Maroc – Tunisie : des filières textiles à étoffer
Les industriels marocains et tunisiens vendent des produits différents sur des marchés différents. Mais ils ont un point commun : le besoin d’apporter plus de valeur ajoutée à leur offre pour tenter de résister aux rouleaux compresseurs turc et chinois.
Rabat, lundi 20 février. Mohamed Tazi, directeur général de l’Association marocaine des industries du textile et de l’habillement (Amith), sélectionne avec d’autres industriels des projets de création et de traitement des tissus, pour soutenir l’émergence de fournisseurs capables de pourvoir aux besoins des entreprises de confection locales. « Intégrer ces étapes permettra à la filière textile de générer davantage de valeur ajoutée », explique-t-il. À 1 500 km de là, en Tunisie, Samir Haouet, directeur général du Centre technique du textile (Cettex), partage la même analyse. Lui aussi espère voir renaître dans son pays les entreprises de teinture et de finition disparues dans les années 1980 et 1990. Car travailler pour Levi’s, Ralph Lauren, Benetton ou Guess ne laisse souvent que des miettes aux sociétés maghrébines.

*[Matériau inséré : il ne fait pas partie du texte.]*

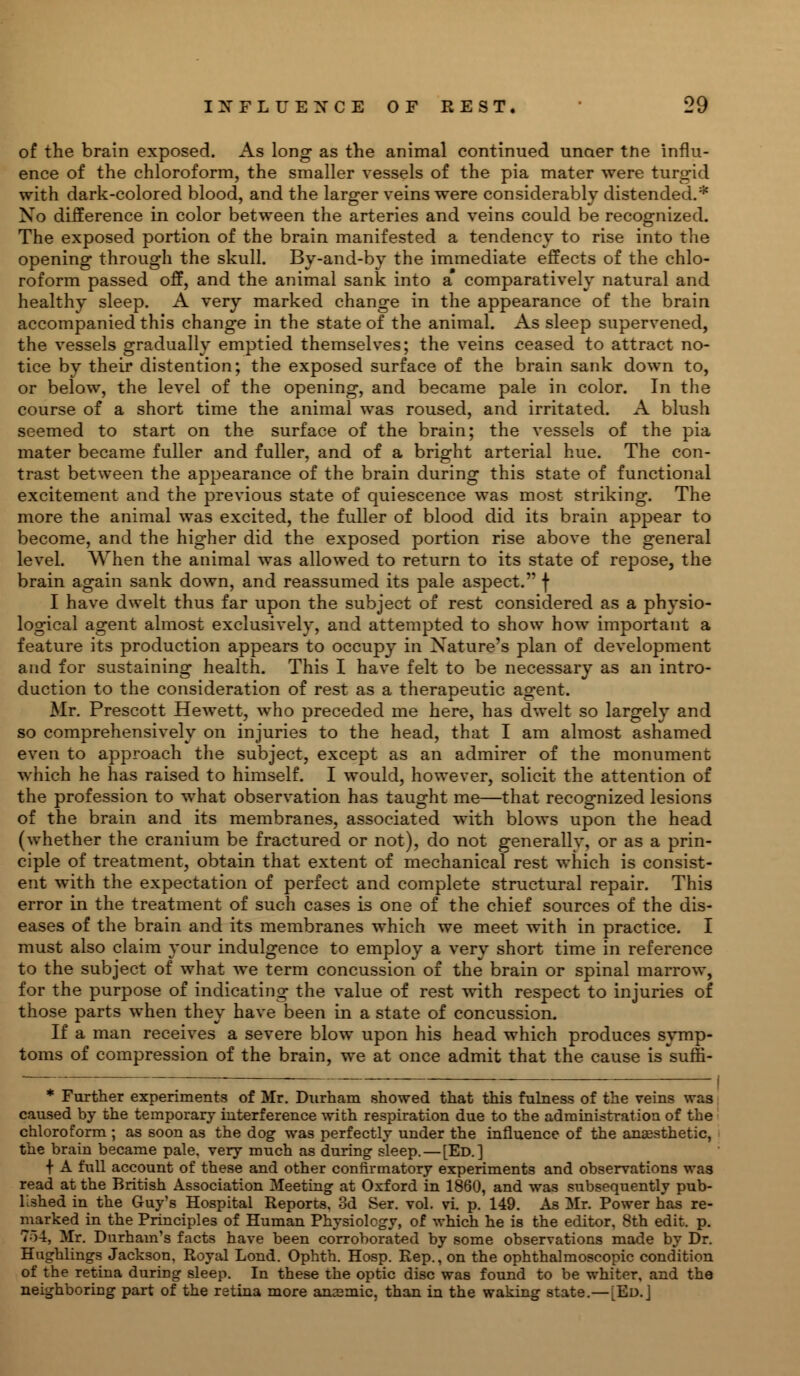 of the brain exposed. As long as the animal continued unaer the influ- ence of the chloroform, the smaller vessels of the pia mater were turgid with dark-colored blood, and the larger veins were considerably distended.* No difference in color between the arteries and veins could be recognized. The exposed portion of the brain manifested a tendency to rise into the opening through the skull. By-and-by the immediate effects of the chlo- roform passed off, and the animal sank into a comparatively natural and healthy sleep. A very marked change in the appearance of the brain accompanied this change in the state of the animal. As sleep supervened, the vessels gradually emptied themselves; the veins ceased to attract no- tice by their distention; the exposed surface of the brain sank down to, or below, the level of the opening, and became pale in color. In the course of a short time the animal was roused, and irritated. A blush seemed to start on the surface of the brain; the vessels of the pia mater became fuller and fuller, and of a bright arterial hue. The con- trast between the appearance of the brain during this state of functional excitement and the previous state of quiescence was most striking. The more the animal was excited, the fuller of blood did its brain appear to become, and the higher did the exposed portion rise above the general level. When the animal was allowed to return to its state of repose, the brain again sank down, and reassumed its pale aspect. f I have dwelt thus far upon the subject of rest considered as a physio- logical agent almost exclusively, and attempted to show how important a feature its production appears to occupy in Nature's plan of development and for sustaining health. This I have felt to be necessary as an intro- duction to the consideration of rest as a therapeutic agent. Mr. Prescott Hewett, who preceded me here, has dwelt so largely and so comprehensively on injuries to the head, that I am almost ashamed even to approach the subject, except as an admirer of the monument which he has raised to himself. I would, however, solicit the attention of the profession to what observation has taught me—that recognized lesions of the brain and its membranes, associated with blows upon the head (whether the cranium be fractured or not), do not generally, or as a prin- ciple of treatment, obtain that extent of mechanical rest which is consist- ent with the expectation of perfect and complete structural repair. This error in the treatment of such cases is one of the chief sources of the dis- eases of the brain and its membranes which we meet with in practice. I must also claim your indulgence to employ a very short time in reference to the subject of what we term concussion of the brain or spinal marrow, for the purpose of indicating the value of rest with respect to injuries of those parts when they have been in a state of concussion. If a man receives a severe blow upon his head which produces symp- toms of compression of the brain, we at once admit that the cause is suffi- * Further experiments of Mr. Durham showed that this fulness of the veins was caused by the temporary interference with respiration due to the administration of the chloroform ; as soon as the dog was perfectly under the influence of the anaesthetic, the brain became pale, very much as during sleep. — [Ed.] + A full account of these and other confirmatory experiments and observations was read at the British Association Meeting at Oxford in 1860, and was subsequently pub- lished in the Guy's Hospital Reports, 3d Ser. vol. vl p. 149. As Mr. Power has re- marked in the Principles of Human Physiology, of which he is the editor, 8th edit. p. To-!, Mr. Durham's facts have been corroborated by some observations made by Dr. Hughlings Jackson, Royal Lond. Ophth. Hosp. Rep., on the ophthalmoscopic condition of the retina duriDg sleep. In these the optic disc was found to be whiter, and the neighboring part of the retina more anEemic, than in the waking state.—[Ed. J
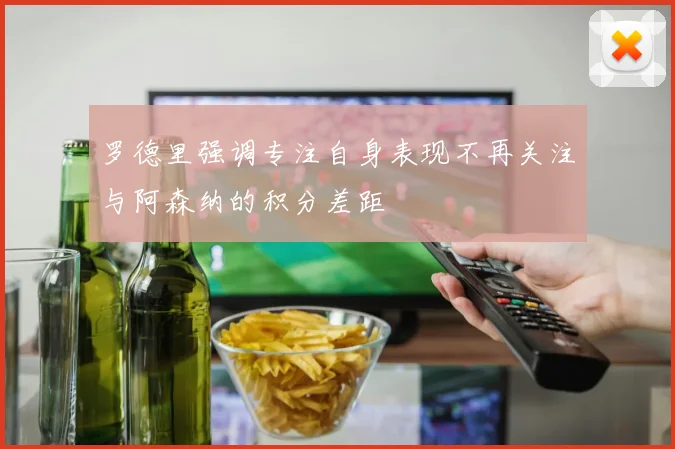 罗德里强调专注自身表现不再关注与阿森纳的积分差距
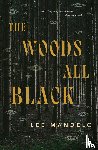 Mandelo, Lee - The Woods All Black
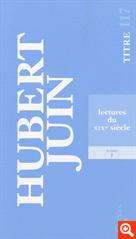 H. Juin, Lectures du XIXe siècle, t. 1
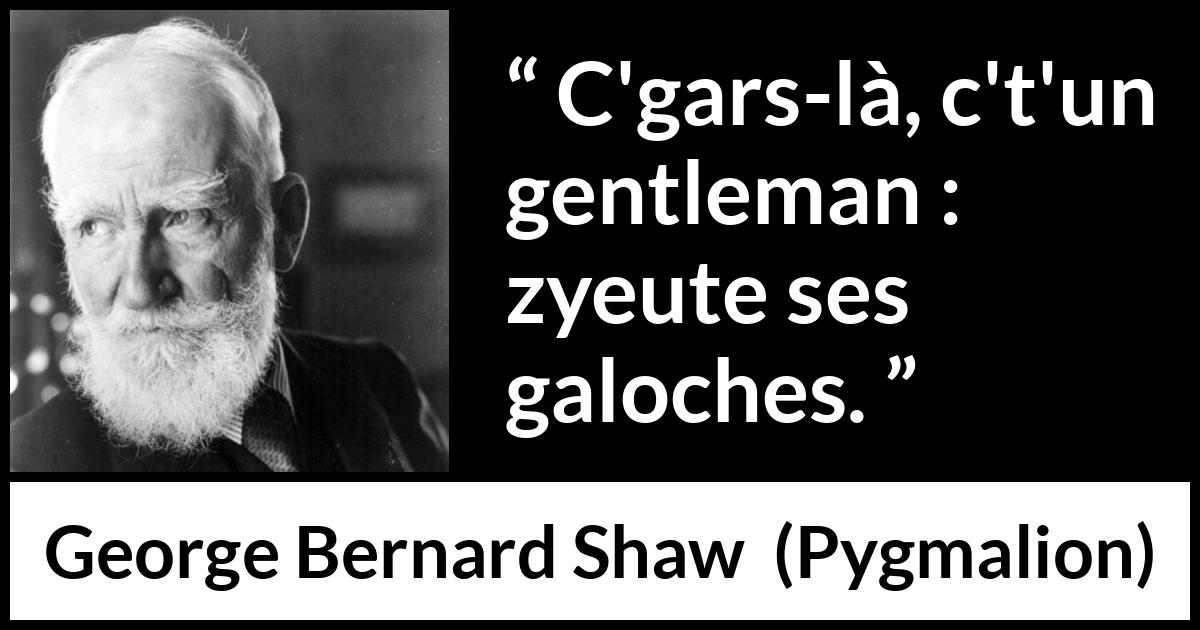 Citation de George Bernard Shaw sur les apparences tirée de Pygmalion - C'gars-là, c't'un gentleman : zyeute ses galoches.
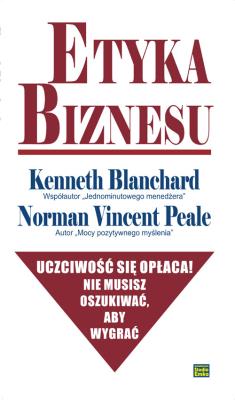 Etyka biznesu. Autor: Kenneth Blanchard, Norman Vincent Peale. SmakLiter.pl Okładka książki Etyka biznesu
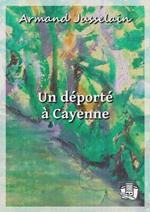 Un déporté à Cayenne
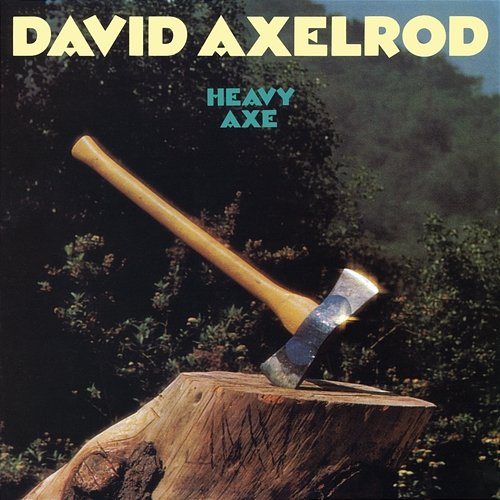 Heavy Axe Jazz Dispensary, David Axelrod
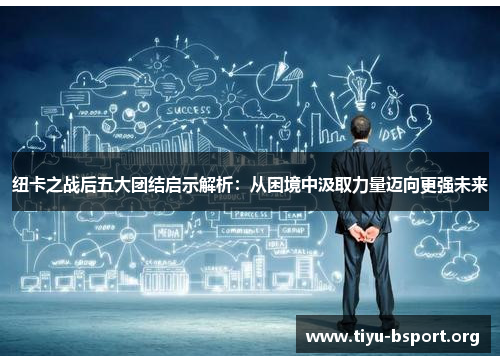纽卡之战后五大团结启示解析：从困境中汲取力量迈向更强未来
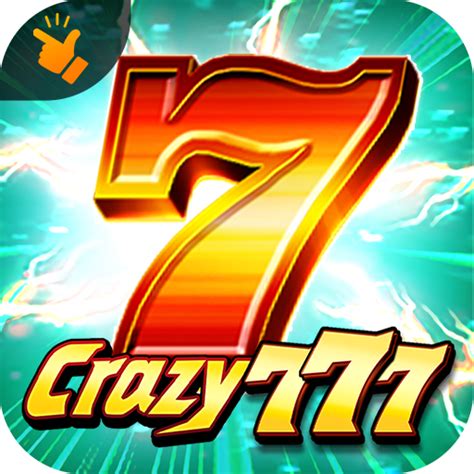 777 CRAZY SLOT ONLINE：New Online Slots 2024 | Newly Released Slot Machines -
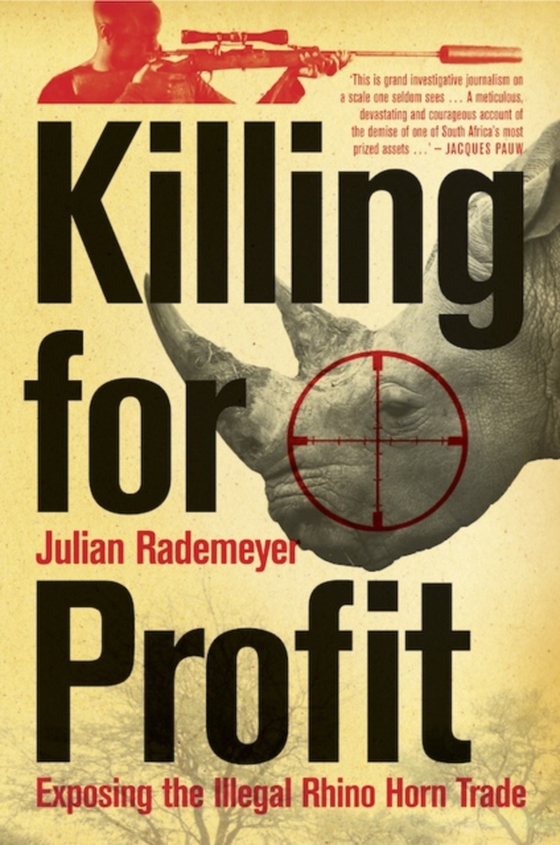 Killing for Profit (e-bog) af Rademeyer, Julian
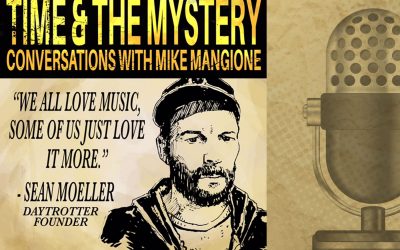 Time & The Mystery Podcast: Sean Moeller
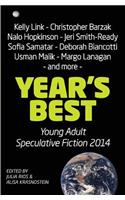 Year's Best Young Adult Speculative Fiction 2014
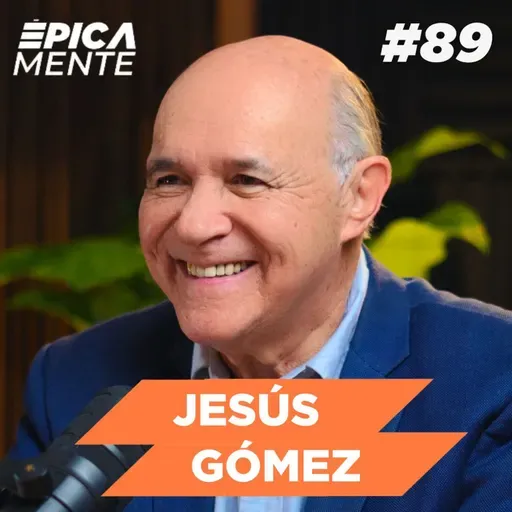De Vender Limones a Vender Millones: La Ciencia de las Ventas con Jesús Gómez Espejel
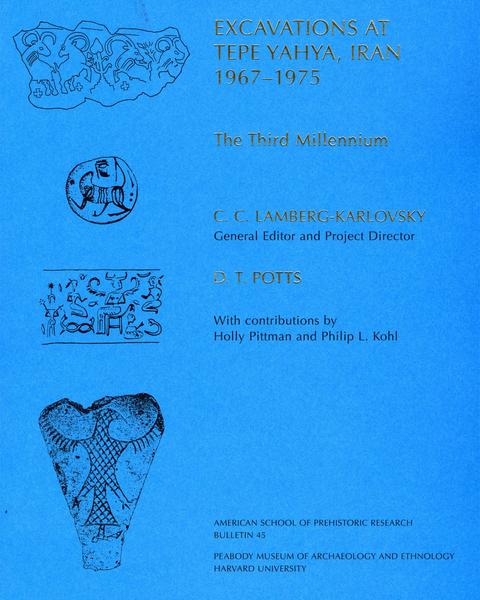 cover of Excavations at Tepe Yahya, Iran, 1967-1975, Volume III: The Third Millennium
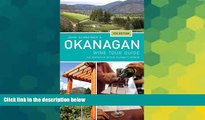 READ FULL  John Schreiner s Okanagan Wine Tour Guide: Wineries from British Columbia s interior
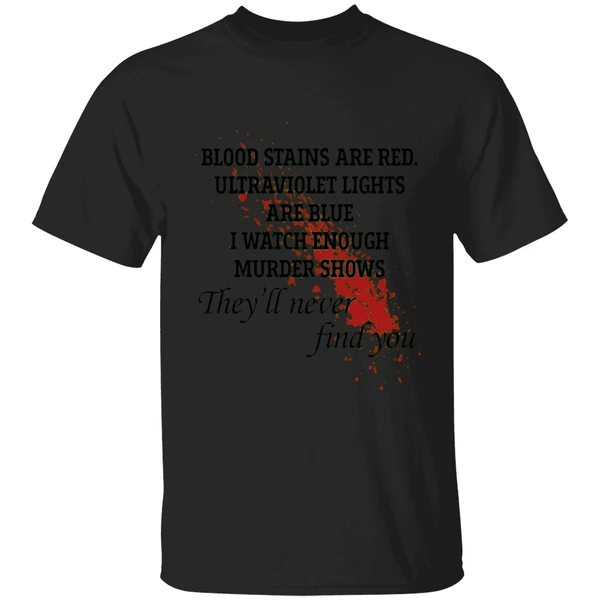Blood Stains Are Red Ultraviolet Lights Are Blue I Watch Enough Murder Shows Shirt - Image 7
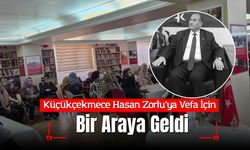 Küçükçekmece Hasan Zorlu’ya Vefa İçin Bir Araya Geldi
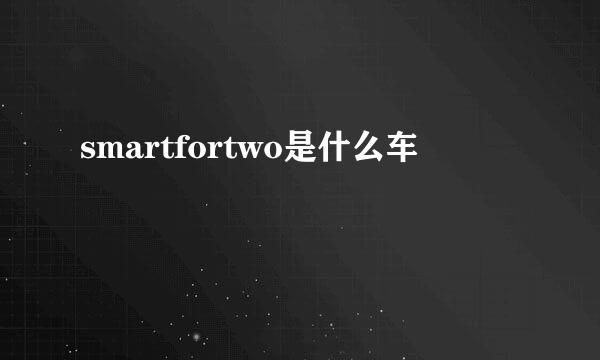 smartfortwo是什么车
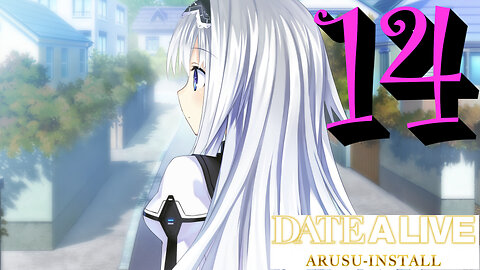 Let's Play Date A Live: Arusu Install [14]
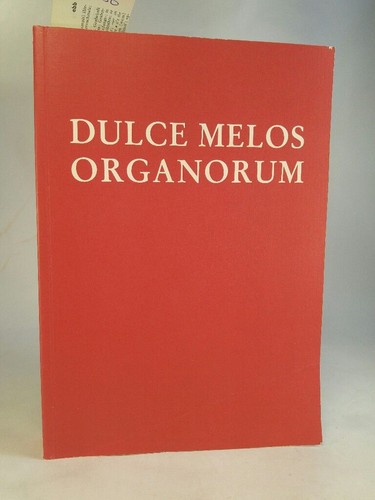 Dulce melos organorum - ,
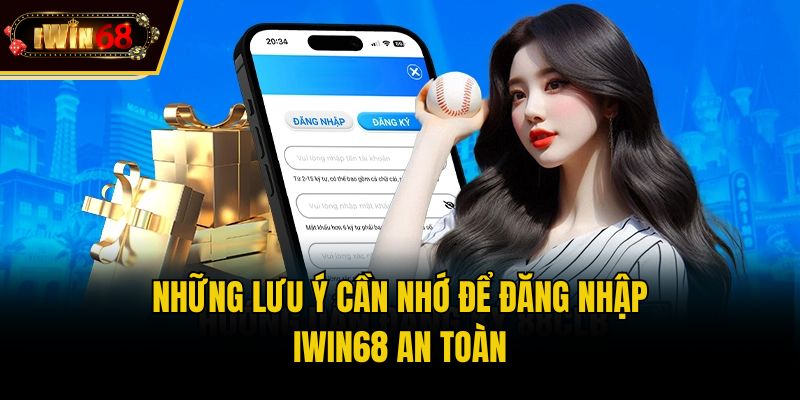 Những lưu ý cần nhớ để đăng nhập IWIN68 an toàn
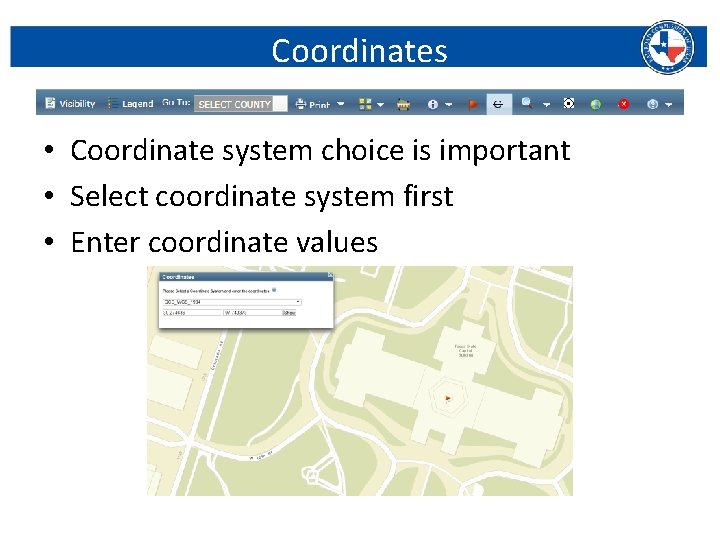 Coordinates • Coordinate system choice is important • Select coordinate system first • Enter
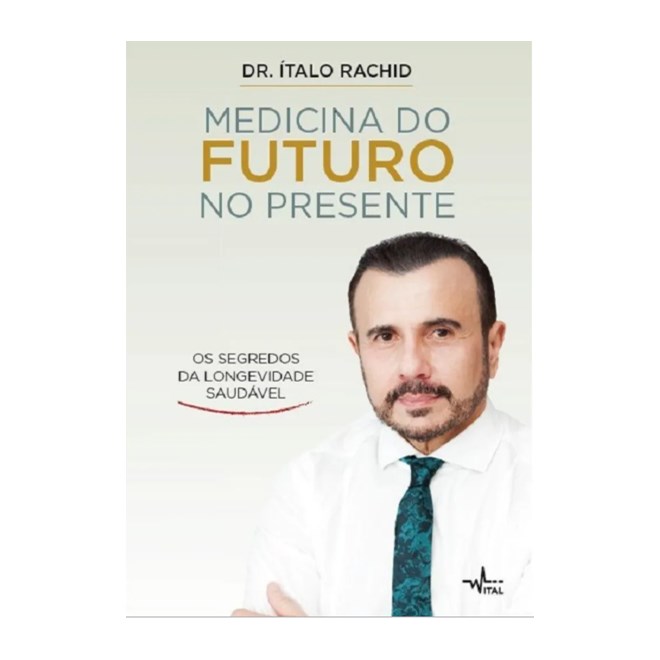 Livro - Medicina do Futuro No Presente - Italo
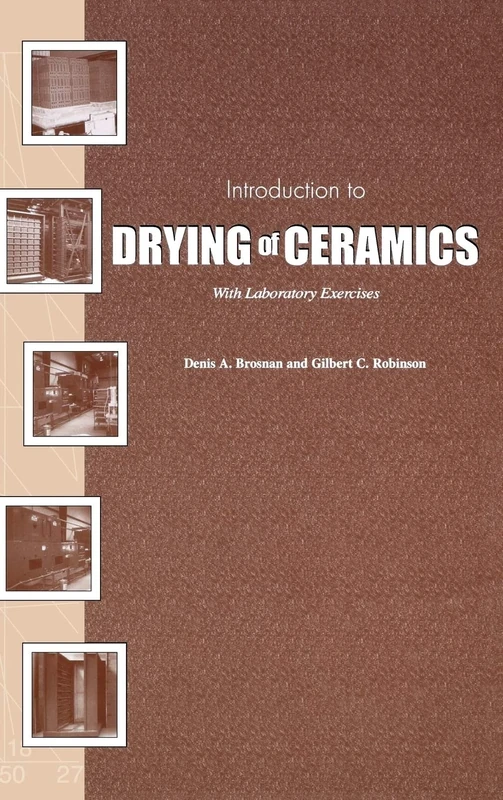 Introduction to Drying of Ceramics: With Laboratory Exercises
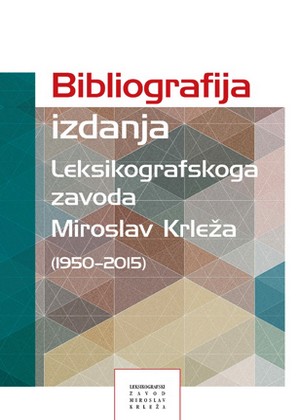 Bibliografija izdanja Leksikografskoga zavoda Miroslav Krleža (1950–2015) naslovnica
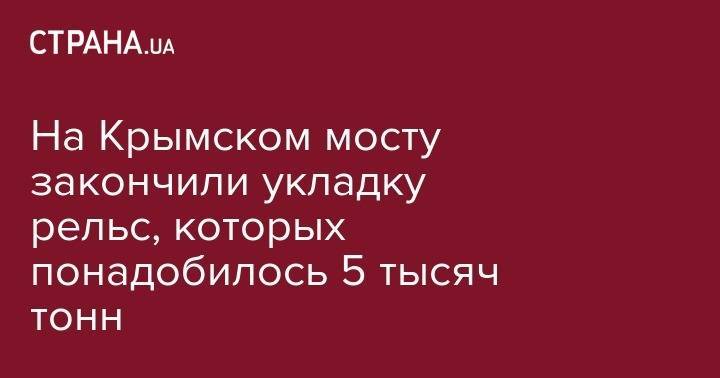 На Крымском мосту закончили укладку рельс, которых понадобилось 5 тысяч тонн - strana.ua - Крым - Краснодарский край - Russia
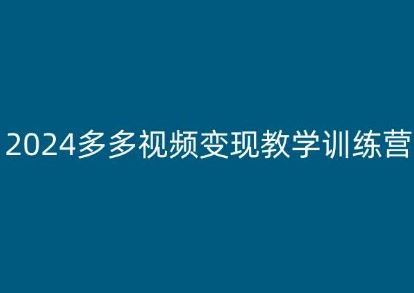 2024多多视频变现教学训练营，新手保姆级教程，适合新手小白-休闲网赚three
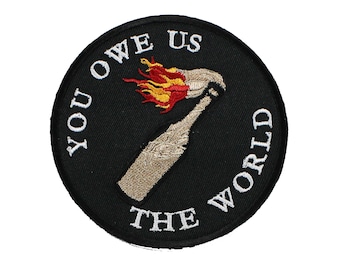 You Owe Us The World-Radical Change-New World-Embroidered-Iron On-Patch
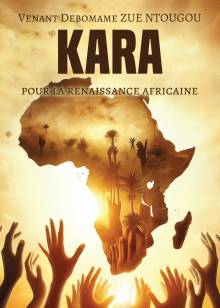 Couverture "Kara, Pour la renaissance africaine"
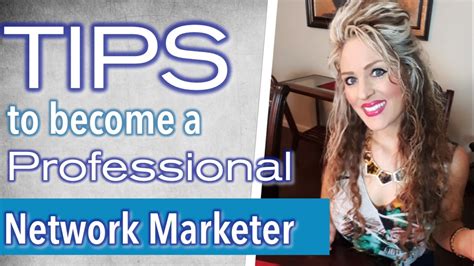 Tips To Become A Professional Network Marketer Youtube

Tous les experts s’accordent sur la nécessité pour la Tunisie et le Maroc d’améliorer la qualité de leur activité de sous-traitance. Et cela même si les industries des deux pays, qui représentent de 3 % à 4 % du PIB, ne visent pas les mêmes marchés. « Les jeans et le sportswear sont les seuls créneaux sur lesquels elles sont en concurrence frontale », confirme Anne-Laure Linget, responsable du développement international au sein de la Fédération française de la maille et de la lingerie. La Tunisie s’est fait une spécialité de la lingerie, des maillots de bain et du textile professionnel, tandis que le Maroc est reconnu pour son savoir-faire dans le prêt-à-porter féminin et les pièces à manches (costumes et manteaux). « Sur le marché de la maille en Europe, je suis plus en concurrence avec les Turcs et les Chinois qu’avec les Tunisiens », précise Houda Benkirane, directrice générale adjointe de Logtech, un bureau d’achat basé à Casablanca et qui représente notamment le groupe La Halle. Diversité identique, mis à part pour le marché français, dans les débouchés : Rabat se tourne naturellement vers Madrid quand Tunis regarde davantage du côté de Rome.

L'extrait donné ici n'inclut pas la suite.